[What needs to be done] Scan the material and copy every line in which "Toyota" appears.

==== Input material

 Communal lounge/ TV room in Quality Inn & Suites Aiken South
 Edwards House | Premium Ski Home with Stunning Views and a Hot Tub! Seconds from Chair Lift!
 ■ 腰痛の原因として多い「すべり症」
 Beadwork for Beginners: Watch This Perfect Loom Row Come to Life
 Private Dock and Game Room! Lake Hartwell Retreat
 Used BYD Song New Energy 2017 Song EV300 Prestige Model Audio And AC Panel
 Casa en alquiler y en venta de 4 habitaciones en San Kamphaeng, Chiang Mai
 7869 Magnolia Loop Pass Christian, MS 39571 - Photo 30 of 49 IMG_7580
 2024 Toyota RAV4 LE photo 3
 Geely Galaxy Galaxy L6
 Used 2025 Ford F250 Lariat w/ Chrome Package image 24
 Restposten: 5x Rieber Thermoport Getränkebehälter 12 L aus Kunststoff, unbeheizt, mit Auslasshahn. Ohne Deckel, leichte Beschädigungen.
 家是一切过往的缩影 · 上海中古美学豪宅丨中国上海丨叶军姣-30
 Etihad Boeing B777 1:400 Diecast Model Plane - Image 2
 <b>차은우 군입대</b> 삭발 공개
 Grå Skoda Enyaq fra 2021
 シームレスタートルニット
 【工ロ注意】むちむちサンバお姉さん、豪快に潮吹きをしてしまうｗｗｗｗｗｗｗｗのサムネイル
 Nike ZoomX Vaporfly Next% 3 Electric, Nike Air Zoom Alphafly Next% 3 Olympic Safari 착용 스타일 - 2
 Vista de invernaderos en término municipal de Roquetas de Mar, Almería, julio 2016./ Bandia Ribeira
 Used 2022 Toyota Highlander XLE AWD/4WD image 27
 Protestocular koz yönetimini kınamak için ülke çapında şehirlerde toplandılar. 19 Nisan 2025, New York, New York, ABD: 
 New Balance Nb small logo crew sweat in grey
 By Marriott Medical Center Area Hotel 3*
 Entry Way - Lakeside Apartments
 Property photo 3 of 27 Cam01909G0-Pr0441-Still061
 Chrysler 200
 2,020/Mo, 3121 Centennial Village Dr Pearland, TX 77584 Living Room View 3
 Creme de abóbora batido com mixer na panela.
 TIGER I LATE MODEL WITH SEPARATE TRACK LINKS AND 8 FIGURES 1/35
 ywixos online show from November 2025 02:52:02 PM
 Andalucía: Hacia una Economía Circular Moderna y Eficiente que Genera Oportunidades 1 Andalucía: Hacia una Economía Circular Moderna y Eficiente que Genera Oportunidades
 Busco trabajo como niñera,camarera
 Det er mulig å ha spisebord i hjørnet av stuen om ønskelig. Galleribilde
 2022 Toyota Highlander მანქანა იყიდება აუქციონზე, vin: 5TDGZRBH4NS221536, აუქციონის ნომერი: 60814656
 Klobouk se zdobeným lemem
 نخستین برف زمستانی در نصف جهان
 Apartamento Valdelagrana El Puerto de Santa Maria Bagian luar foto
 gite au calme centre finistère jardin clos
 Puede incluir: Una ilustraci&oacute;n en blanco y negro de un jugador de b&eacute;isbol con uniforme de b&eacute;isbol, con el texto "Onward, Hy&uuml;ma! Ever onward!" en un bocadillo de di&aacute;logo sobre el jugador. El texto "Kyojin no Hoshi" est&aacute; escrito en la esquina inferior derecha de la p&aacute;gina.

========

[Final answer]
 2024 Toyota RAV4 LE photo 3
 Used 2022 Toyota Highlander XLE AWD/4WD image 27
 2022 Toyota Highlander მანქანა იყიდება აუქციონზე, vin: 5TDGZRBH4NS221536, აუქციონის ნომერი: 60814656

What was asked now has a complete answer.